University of California stiffs its working stiffs

The University of California is cheating its lowest paid workers.  Connoisseurs of liberal hypocrisy have few more tempting targets than the upper reaches of the higher education industry, where liberal condescension and two-faced compassion prevail.

Consider the astounding actions of the University of California, a $30-billion-a-year operation (roughly the size of 3M or Time Warner) in telling workers that it cheated out of full pay, "Tough luck!"  The editorial board of the UCLA Daily Bruin spotted the hypocrisy.

The University of California has some homework to do when it comes to treating its laborers better.
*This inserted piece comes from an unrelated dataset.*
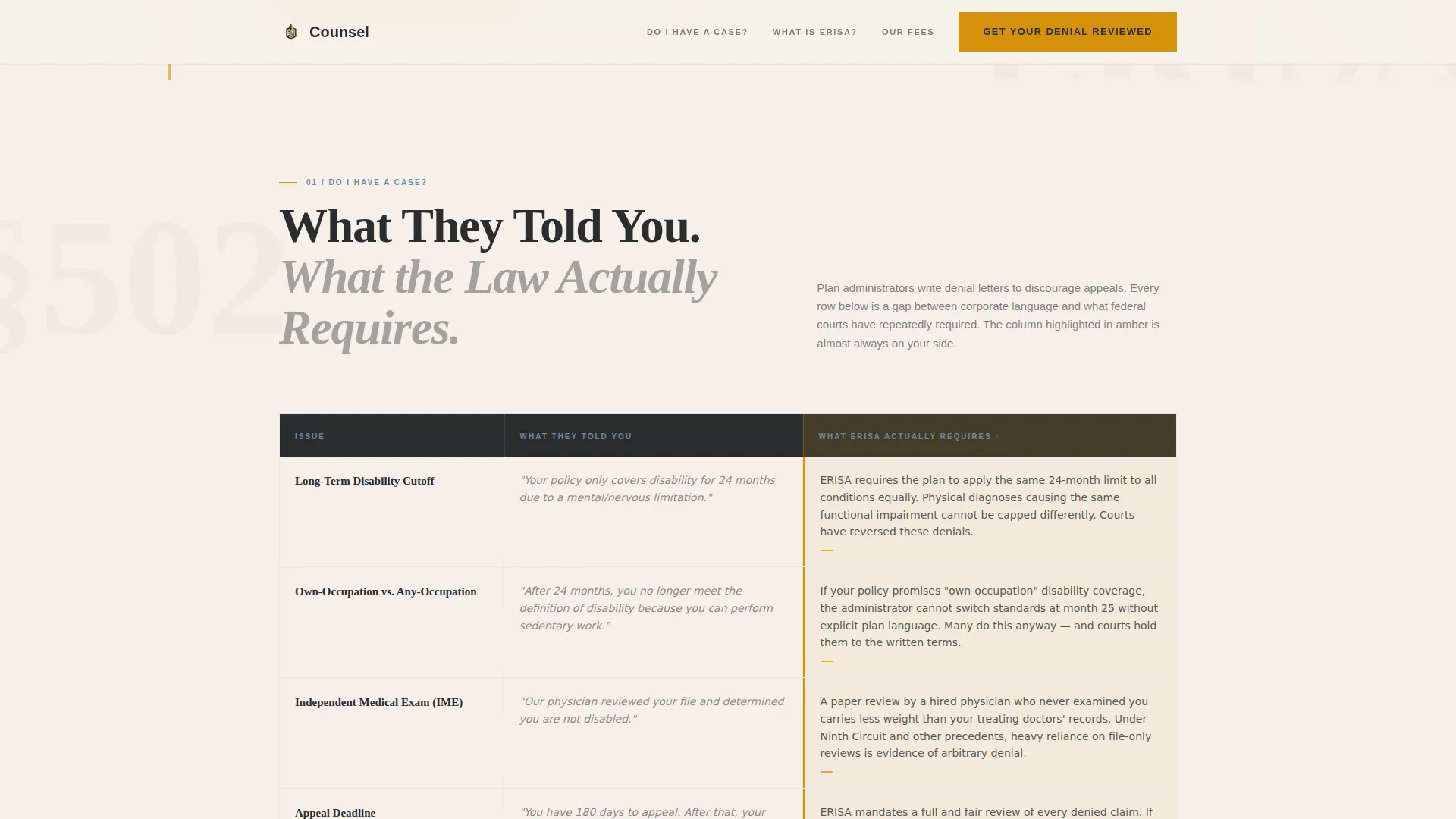 ERISA Attorney Landing Page Template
And it can start by not undercutting its employees' paychecks and blaming it on glitches in its payroll system.

The UC reached an agreement May with the U.S. Department of Labor to repay $1.3 million to workers after a federal investigation found it underpaid more than 13,700 nonacademic employees during payroll system update from 2014 to 2016. The University agreed to provide compensation to those underpaid by at least $20, coming out to an average of just under $100 per worker, but will not pay back the nearly $100,000 it still owes laborers underpaid by less than $20 [emphasis added].

When you earn six figures, have a comfortable retirement income guaranteed, and work in a comfy skyscraper office (the University of California just signed a lease on 130,000 square feet of class A office space, becoming the anchor tenant of a brand new office tower), twenty bucks is lunch money.  But for a laborer, it represents probably an hour or so of unpleasant labor.  That's part of your life that you sold to someone, and that you will never get back.

AFSCME, the ultra-political union that is virtually an organic part of the Democratic Party, but which also legally represents the workers, praised the agreement but tried to have it both ways:

AFSCME Local 3299, which represents about 24,000 custodians, cooks, technicians and other laborers, praised the settlement for making workers "whole." But it criticized the university for leaving out of the deal nearly $100,000 in back wages for employees who were owed less than $20.

Statistically speaking, it is likely that the administrators who approved this decision are liberals.  They think of themselves as champions of the oppressed, define themselves as the good guys, compared to caricatures of Republicans and conservatives they buy into.  But money talks, and BS walks.  The little guys aren't worth the trouble it would take to identify them, write the checks, and get them paid.

Beneath all the compassionate rhetoric liberals spew about the victims of society, when it comes to institutions run by them, there is a level of contempt that is startling when it comes into perspective.